But I gained so much more.
(, Thu 7 May 2009, 15:55, 5 replies)
Rescued by the fruit machine
My brother and I really shouldn't get together; it generally ends messily.

This night was no different; we'd used the excuse of a family wedding at the Director's Club in London to get stoned in the garden (during the boring bits of the ceremony) and then to get skulled on the free champers and other delights.

We had hoped - poor fools that we were - that our (very) rich aunt would stand us a hotel room that night. We were wrong. So we end up in our DJs at 3am, far from a bed, and somewhat unsteady.

My Top Tip in such circumstances is to take the night bus to Heathrow - where you can sleep inside in relative safety and warmth.

On arrival after the late night bus of drunkenness, I spotted a fruit machine. I'm pretty much seeing double at this point, but somehow manage not just to put the money in the slot, but play it until it dropped about £40.

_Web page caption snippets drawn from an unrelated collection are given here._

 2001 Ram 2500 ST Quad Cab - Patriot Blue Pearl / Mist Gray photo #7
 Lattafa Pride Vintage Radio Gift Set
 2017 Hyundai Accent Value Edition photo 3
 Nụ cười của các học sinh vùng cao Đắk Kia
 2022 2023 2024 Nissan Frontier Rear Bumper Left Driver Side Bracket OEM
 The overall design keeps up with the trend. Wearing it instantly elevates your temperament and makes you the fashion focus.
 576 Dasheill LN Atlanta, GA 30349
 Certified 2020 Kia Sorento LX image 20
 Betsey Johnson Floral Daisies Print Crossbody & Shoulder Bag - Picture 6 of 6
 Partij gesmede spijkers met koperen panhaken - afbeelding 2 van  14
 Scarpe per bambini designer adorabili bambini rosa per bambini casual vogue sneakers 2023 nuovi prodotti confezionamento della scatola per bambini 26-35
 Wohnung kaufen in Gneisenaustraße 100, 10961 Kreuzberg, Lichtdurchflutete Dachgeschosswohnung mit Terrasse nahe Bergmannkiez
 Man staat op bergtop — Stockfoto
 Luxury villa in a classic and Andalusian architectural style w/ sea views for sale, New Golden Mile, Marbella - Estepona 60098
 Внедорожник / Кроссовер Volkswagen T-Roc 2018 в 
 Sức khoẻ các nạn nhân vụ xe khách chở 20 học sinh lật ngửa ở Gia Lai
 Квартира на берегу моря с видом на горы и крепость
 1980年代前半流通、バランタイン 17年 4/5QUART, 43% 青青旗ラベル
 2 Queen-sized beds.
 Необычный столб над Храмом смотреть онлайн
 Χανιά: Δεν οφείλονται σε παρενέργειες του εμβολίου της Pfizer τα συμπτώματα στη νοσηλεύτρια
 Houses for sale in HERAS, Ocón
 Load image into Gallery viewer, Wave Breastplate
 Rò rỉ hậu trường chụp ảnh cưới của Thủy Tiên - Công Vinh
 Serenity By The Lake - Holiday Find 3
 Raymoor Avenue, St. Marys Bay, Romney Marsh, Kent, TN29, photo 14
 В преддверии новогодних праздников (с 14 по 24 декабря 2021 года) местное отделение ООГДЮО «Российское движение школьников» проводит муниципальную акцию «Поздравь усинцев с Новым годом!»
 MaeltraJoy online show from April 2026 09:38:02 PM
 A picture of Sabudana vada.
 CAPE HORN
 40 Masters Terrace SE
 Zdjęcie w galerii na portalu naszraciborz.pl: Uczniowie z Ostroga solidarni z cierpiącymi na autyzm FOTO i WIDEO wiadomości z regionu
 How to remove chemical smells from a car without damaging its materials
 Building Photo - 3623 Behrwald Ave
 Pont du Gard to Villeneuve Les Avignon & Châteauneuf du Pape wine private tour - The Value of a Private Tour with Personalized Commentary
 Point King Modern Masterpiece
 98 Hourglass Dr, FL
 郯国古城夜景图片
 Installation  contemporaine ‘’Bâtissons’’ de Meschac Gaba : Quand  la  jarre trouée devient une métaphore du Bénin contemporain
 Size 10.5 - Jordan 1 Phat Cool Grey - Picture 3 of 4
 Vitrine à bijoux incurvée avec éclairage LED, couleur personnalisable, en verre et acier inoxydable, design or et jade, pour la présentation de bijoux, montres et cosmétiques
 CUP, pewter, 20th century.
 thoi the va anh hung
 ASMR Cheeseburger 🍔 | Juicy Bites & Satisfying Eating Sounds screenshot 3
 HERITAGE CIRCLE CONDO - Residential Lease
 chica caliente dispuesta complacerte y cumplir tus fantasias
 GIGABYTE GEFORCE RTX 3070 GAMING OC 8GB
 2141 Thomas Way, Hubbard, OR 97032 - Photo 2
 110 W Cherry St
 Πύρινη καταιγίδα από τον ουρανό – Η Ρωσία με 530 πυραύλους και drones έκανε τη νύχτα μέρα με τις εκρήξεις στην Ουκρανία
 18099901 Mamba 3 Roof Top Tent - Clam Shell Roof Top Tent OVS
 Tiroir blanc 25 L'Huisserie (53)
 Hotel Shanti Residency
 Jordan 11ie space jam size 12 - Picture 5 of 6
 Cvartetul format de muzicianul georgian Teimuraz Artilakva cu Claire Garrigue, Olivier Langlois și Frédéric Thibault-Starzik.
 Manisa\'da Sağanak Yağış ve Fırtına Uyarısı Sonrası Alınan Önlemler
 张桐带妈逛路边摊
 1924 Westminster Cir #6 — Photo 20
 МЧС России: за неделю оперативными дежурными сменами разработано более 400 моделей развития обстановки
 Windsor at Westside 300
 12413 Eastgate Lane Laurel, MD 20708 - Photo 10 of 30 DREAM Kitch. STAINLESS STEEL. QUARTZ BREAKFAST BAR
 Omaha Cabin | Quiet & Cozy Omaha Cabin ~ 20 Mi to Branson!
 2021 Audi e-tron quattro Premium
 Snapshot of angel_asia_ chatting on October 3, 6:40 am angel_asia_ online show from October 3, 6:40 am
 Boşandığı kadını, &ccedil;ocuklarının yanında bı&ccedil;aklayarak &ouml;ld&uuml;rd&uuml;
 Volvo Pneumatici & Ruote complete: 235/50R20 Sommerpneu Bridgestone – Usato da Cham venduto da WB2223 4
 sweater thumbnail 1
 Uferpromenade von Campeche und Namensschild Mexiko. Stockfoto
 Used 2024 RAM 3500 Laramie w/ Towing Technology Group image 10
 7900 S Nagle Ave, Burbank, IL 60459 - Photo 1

So we got a taxi back and slept in our own pits, rather than on the seats in a brightly-lit airport.

Result !
(, Thu 7 May 2009, 15:51, Reply)
I bet...
A friend of mine, we shall call him Mike, had just acquired a sling shot, one of those super-powered ones with a wrist brace and lots of safety warnings mmmmmmm

Mike also has a dart board in his room... see where this is going yet? We'd already lost the darts somehow, so the bet was on. Bet you cant make this pen-knife stick in the dart board... Dont think any money was placed down, just a friendly wager to pass the time

First attempt and with pre-pubescent eyes closed Mike let fly. With a resounding "Twang!" the pen knife ricochetted(?) off the wire divider and hurtled back at us at 100mph, smashing into the wall behind. We looked at each other, as the squelchy butt mud trickled down our quivering legs, and decided that this was entirely too dangerous...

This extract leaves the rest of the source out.